#### YOUR TASK
Every picture stays out; everything else in the listing below is to be returned exactly.

#### COLLECTED MATERIAL
BEGIN

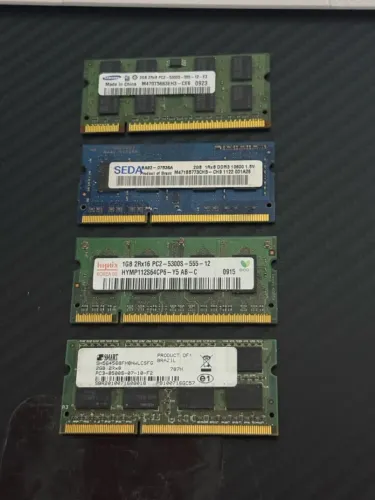Memória RAM DDR3 2x2gb , DDR2 1x1GB 1x2GB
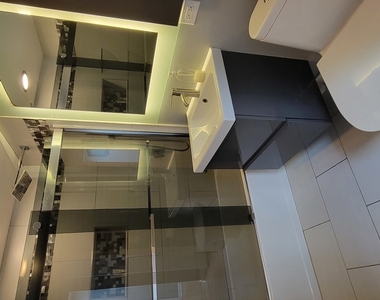 1110 S Chase Street - Photo Thumbnail 12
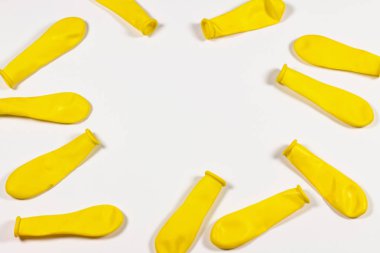 Sarı düz balonlar izole beyaz arka planda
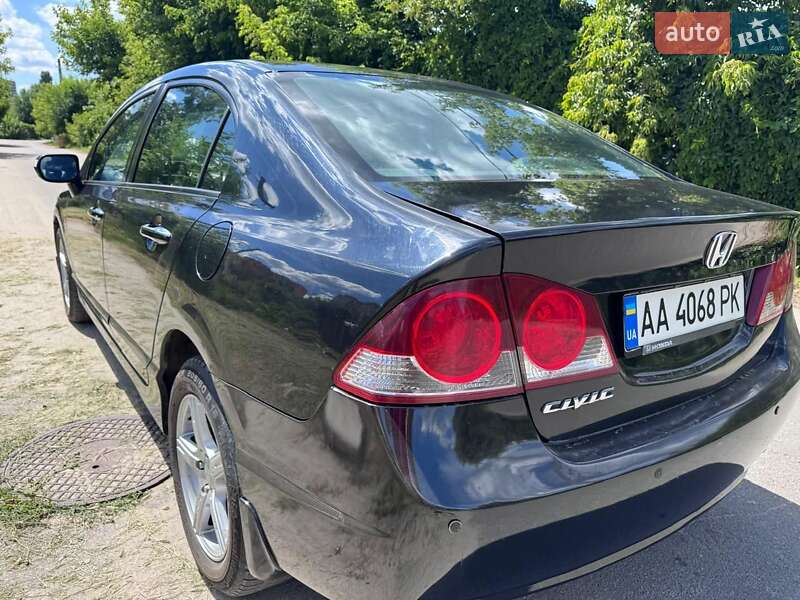 Седан Honda Civic 2008 в Киеве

END

#### EXERCISE RESULT
Memória RAM DDR3 2x2gb , DDR2 1x1GB 1x2GB
 1110 S Chase Street - Photo Thumbnail 12
 Sarı düz balonlar izole beyaz arka planda
 Седан Honda Civic 2008 в Киеве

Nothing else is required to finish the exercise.